# [Exercise details]
Give back every entry below, exactly as written.

Extracted data entries

<<<<

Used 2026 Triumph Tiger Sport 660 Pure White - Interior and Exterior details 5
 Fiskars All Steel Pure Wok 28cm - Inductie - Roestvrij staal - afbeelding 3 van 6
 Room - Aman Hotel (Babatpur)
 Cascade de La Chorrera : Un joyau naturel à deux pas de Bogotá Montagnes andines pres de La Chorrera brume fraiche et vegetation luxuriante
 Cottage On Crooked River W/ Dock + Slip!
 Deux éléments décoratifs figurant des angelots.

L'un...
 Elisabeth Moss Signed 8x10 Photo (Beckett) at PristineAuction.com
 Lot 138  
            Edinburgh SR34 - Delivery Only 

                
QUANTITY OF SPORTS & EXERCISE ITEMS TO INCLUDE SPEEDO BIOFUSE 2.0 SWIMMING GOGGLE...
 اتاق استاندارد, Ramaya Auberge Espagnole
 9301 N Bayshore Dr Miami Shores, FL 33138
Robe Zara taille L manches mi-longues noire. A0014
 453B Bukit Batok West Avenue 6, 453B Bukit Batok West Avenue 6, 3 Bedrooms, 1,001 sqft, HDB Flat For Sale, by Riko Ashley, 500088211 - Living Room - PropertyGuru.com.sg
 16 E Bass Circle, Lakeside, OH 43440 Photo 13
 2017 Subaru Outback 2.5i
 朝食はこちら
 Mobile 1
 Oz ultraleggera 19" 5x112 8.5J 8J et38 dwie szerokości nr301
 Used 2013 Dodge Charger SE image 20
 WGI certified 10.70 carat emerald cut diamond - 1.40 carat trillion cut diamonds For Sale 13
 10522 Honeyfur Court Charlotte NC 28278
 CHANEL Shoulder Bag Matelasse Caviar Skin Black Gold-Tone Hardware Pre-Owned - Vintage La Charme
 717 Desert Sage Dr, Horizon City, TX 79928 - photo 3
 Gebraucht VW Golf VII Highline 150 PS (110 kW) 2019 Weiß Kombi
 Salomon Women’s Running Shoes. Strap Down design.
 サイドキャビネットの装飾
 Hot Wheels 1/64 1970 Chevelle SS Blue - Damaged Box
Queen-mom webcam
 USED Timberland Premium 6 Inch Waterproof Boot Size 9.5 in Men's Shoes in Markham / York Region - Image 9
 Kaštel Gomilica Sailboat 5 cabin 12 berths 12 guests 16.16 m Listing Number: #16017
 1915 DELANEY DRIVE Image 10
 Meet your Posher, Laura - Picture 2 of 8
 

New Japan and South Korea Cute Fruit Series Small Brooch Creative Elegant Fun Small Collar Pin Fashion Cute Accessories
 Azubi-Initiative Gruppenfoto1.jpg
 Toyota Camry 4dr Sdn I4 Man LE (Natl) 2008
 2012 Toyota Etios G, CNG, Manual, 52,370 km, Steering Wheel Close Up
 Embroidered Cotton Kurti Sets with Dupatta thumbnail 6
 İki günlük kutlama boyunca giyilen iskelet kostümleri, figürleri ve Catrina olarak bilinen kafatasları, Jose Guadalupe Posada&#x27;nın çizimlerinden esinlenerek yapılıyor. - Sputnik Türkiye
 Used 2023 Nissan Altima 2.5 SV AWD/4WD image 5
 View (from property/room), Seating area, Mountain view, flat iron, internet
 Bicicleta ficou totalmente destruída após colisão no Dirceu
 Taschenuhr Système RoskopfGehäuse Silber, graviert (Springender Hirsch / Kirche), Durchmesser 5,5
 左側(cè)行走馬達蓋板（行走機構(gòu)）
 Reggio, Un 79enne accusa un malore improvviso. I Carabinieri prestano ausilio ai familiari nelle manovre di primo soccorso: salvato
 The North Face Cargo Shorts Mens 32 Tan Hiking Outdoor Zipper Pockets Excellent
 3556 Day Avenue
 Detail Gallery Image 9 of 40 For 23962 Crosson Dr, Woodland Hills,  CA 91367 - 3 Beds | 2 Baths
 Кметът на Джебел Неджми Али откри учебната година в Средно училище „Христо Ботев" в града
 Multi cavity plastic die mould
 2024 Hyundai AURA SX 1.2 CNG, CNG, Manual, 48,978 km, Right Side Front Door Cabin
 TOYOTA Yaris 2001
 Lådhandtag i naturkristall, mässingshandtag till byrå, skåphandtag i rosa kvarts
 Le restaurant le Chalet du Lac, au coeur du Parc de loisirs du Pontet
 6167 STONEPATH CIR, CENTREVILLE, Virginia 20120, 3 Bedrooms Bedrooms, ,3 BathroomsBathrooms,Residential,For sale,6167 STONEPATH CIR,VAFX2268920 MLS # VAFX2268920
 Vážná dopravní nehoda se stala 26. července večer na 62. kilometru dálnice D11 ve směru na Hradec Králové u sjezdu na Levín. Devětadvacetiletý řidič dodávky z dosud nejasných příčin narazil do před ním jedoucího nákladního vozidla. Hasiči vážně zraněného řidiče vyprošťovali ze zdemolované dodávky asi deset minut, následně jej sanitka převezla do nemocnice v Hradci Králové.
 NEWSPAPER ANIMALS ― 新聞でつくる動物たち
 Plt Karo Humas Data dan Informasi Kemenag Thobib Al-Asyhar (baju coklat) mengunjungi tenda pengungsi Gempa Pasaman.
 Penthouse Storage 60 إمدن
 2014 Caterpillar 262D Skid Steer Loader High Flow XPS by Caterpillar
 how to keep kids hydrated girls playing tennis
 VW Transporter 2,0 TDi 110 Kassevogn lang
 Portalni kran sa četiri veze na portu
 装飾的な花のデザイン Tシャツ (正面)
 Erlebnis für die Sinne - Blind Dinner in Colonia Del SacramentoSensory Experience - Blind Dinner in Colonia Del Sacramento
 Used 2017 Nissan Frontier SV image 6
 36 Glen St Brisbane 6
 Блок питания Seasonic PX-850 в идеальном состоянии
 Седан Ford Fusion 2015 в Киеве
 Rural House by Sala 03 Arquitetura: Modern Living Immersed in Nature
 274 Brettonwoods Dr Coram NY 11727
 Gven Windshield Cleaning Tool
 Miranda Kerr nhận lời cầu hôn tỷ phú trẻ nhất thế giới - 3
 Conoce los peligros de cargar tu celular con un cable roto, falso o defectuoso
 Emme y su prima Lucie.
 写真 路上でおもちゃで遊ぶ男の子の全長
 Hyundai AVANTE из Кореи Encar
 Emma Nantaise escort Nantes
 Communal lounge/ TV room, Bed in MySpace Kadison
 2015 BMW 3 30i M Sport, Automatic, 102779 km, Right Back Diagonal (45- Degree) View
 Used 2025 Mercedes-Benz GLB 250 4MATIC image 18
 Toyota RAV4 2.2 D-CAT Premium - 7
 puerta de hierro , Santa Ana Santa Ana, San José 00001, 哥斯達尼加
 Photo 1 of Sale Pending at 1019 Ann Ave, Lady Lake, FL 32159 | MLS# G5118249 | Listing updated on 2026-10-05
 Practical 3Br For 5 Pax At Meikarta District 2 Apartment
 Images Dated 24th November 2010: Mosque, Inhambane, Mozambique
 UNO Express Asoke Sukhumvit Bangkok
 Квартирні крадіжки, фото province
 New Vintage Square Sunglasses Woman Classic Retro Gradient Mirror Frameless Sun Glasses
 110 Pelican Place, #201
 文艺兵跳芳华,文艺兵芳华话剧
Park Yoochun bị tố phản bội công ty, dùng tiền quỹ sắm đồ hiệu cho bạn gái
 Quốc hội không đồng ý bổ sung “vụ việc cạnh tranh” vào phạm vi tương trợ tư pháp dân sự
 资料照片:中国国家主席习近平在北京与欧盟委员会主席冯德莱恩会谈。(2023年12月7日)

>>>>

# [Exercise solution]
Used 2026 Triumph Tiger Sport 660 Pure White - Interior and Exterior details 5
 Fiskars All Steel Pure Wok 28cm - Inductie - Roestvrij staal - afbeelding 3 van 6
 Room - Aman Hotel (Babatpur)
 Cascade de La Chorrera : Un joyau naturel à deux pas de Bogotá Montagnes andines pres de La Chorrera brume fraiche et vegetation luxuriante
 Cottage On Crooked River W/ Dock + Slip!
 Deux éléments décoratifs figurant des angelots.

L'un...
 Elisabeth Moss Signed 8x10 Photo (Beckett) at PristineAuction.com
 Lot 138  
            Edinburgh SR34 - Delivery Only 

                
QUANTITY OF SPORTS & EXERCISE ITEMS TO INCLUDE SPEEDO BIOFUSE 2.0 SWIMMING GOGGLE...
 اتاق استاندارد, Ramaya Auberge Espagnole
 9301 N Bayshore Dr Miami Shores, FL 33138
Robe Zara taille L manches mi-longues noire. A0014
 453B Bukit Batok West Avenue 6, 453B Bukit Batok West Avenue 6, 3 Bedrooms, 1,001 sqft, HDB Flat For Sale, by Riko Ashley, 500088211 - Living Room - PropertyGuru.com.sg
 16 E Bass Circle, Lakeside, OH 43440 Photo 13
 2017 Subaru Outback 2.5i
 朝食はこちら
 Mobile 1
 Oz ultraleggera 19" 5x112 8.5J 8J et38 dwie szerokości nr301
 Used 2013 Dodge Charger SE image 20
 WGI certified 10.70 carat emerald cut diamond - 1.40 carat trillion cut diamonds For Sale 13
 10522 Honeyfur Court Charlotte NC 28278
 CHANEL Shoulder Bag Matelasse Caviar Skin Black Gold-Tone Hardware Pre-Owned - Vintage La Charme
 717 Desert Sage Dr, Horizon City, TX 79928 - photo 3
 Gebraucht VW Golf VII Highline 150 PS (110 kW) 2019 Weiß Kombi
 Salomon Women’s Running Shoes. Strap Down design.
 サイドキャビネットの装飾
 Hot Wheels 1/64 1970 Chevelle SS Blue - Damaged Box
Queen-mom webcam
 USED Timberland Premium 6 Inch Waterproof Boot Size 9.5 in Men's Shoes in Markham / York Region - Image 9
 Kaštel Gomilica Sailboat 5 cabin 12 berths 12 guests 16.16 m Listing Number: #16017
 1915 DELANEY DRIVE Image 10
 Meet your Posher, Laura - Picture 2 of 8
 

New Japan and South Korea Cute Fruit Series Small Brooch Creative Elegant Fun Small Collar Pin Fashion Cute Accessories
 Azubi-Initiative Gruppenfoto1.jpg
 Toyota Camry 4dr Sdn I4 Man LE (Natl) 2008
 2012 Toyota Etios G, CNG, Manual, 52,370 km, Steering Wheel Close Up
 Embroidered Cotton Kurti Sets with Dupatta thumbnail 6
 İki günlük kutlama boyunca giyilen iskelet kostümleri, figürleri ve Catrina olarak bilinen kafatasları, Jose Guadalupe Posada&#x27;nın çizimlerinden esinlenerek yapılıyor. - Sputnik Türkiye
 Used 2023 Nissan Altima 2.5 SV AWD/4WD image 5
 View (from property/room), Seating area, Mountain view, flat iron, internet
 Bicicleta ficou totalmente destruída após colisão no Dirceu
 Taschenuhr Système RoskopfGehäuse Silber, graviert (Springender Hirsch / Kirche), Durchmesser 5,5
 左側(cè)行走馬達蓋板（行走機構(gòu)）
 Reggio, Un 79enne accusa un malore improvviso. I Carabinieri prestano ausilio ai familiari nelle manovre di primo soccorso: salvato
 The North Face Cargo Shorts Mens 32 Tan Hiking Outdoor Zipper Pockets Excellent
 3556 Day Avenue
 Detail Gallery Image 9 of 40 For 23962 Crosson Dr, Woodland Hills,  CA 91367 - 3 Beds | 2 Baths
 Кметът на Джебел Неджми Али откри учебната година в Средно училище „Христо Ботев" в града
 Multi cavity plastic die mould
 2024 Hyundai AURA SX 1.2 CNG, CNG, Manual, 48,978 km, Right Side Front Door Cabin
 TOYOTA Yaris 2001
 Lådhandtag i naturkristall, mässingshandtag till byrå, skåphandtag i rosa kvarts
 Le restaurant le Chalet du Lac, au coeur du Parc de loisirs du Pontet
 6167 STONEPATH CIR, CENTREVILLE, Virginia 20120, 3 Bedrooms Bedrooms, ,3 BathroomsBathrooms,Residential,For sale,6167 STONEPATH CIR,VAFX2268920 MLS # VAFX2268920
 Vážná dopravní nehoda se stala 26. července večer na 62. kilometru dálnice D11 ve směru na Hradec Králové u sjezdu na Levín. Devětadvacetiletý řidič dodávky z dosud nejasných příčin narazil do před ním jedoucího nákladního vozidla. Hasiči vážně zraněného řidiče vyprošťovali ze zdemolované dodávky asi deset minut, následně jej sanitka převezla do nemocnice v Hradci Králové.
 NEWSPAPER ANIMALS ― 新聞でつくる動物たち
 Plt Karo Humas Data dan Informasi Kemenag Thobib Al-Asyhar (baju coklat) mengunjungi tenda pengungsi Gempa Pasaman.
 Penthouse Storage 60 إمدن
 2014 Caterpillar 262D Skid Steer Loader High Flow XPS by Caterpillar
 how to keep kids hydrated girls playing tennis
 VW Transporter 2,0 TDi 110 Kassevogn lang
 Portalni kran sa četiri veze na portu
 装飾的な花のデザイン Tシャツ (正面)
 Erlebnis für die Sinne - Blind Dinner in Colonia Del SacramentoSensory Experience - Blind Dinner in Colonia Del Sacramento
 Used 2017 Nissan Frontier SV image 6
 36 Glen St Brisbane 6
 Блок питания Seasonic PX-850 в идеальном состоянии
 Седан Ford Fusion 2015 в Киеве
 Rural House by Sala 03 Arquitetura: Modern Living Immersed in Nature
 274 Brettonwoods Dr Coram NY 11727
 Gven Windshield Cleaning Tool
 Miranda Kerr nhận lời cầu hôn tỷ phú trẻ nhất thế giới - 3
 Conoce los peligros de cargar tu celular con un cable roto, falso o defectuoso
 Emme y su prima Lucie.
 写真 路上でおもちゃで遊ぶ男の子の全長
 Hyundai AVANTE из Кореи Encar
 Emma Nantaise escort Nantes
 Communal lounge/ TV room, Bed in MySpace Kadison
 2015 BMW 3 30i M Sport, Automatic, 102779 km, Right Back Diagonal (45- Degree) View
 Used 2025 Mercedes-Benz GLB 250 4MATIC image 18
 Toyota RAV4 2.2 D-CAT Premium - 7
 puerta de hierro , Santa Ana Santa Ana, San José 00001, 哥斯達尼加
 Photo 1 of Sale Pending at 1019 Ann Ave, Lady Lake, FL 32159 | MLS# G5118249 | Listing updated on 2026-10-05
 Practical 3Br For 5 Pax At Meikarta District 2 Apartment
 Images Dated 24th November 2010: Mosque, Inhambane, Mozambique
 UNO Express Asoke Sukhumvit Bangkok
 Квартирні крадіжки, фото province
 New Vintage Square Sunglasses Woman Classic Retro Gradient Mirror Frameless Sun Glasses
 110 Pelican Place, #201
 文艺兵跳芳华,文艺兵芳华话剧
Park Yoochun bị tố phản bội công ty, dùng tiền quỹ sắm đồ hiệu cho bạn gái
 Quốc hội không đồng ý bổ sung “vụ việc cạnh tranh” vào phạm vi tương trợ tư pháp dân sự
 资料照片:中国国家主席习近平在北京与欧盟委员会主席冯德莱恩会谈。(2023年12月7日)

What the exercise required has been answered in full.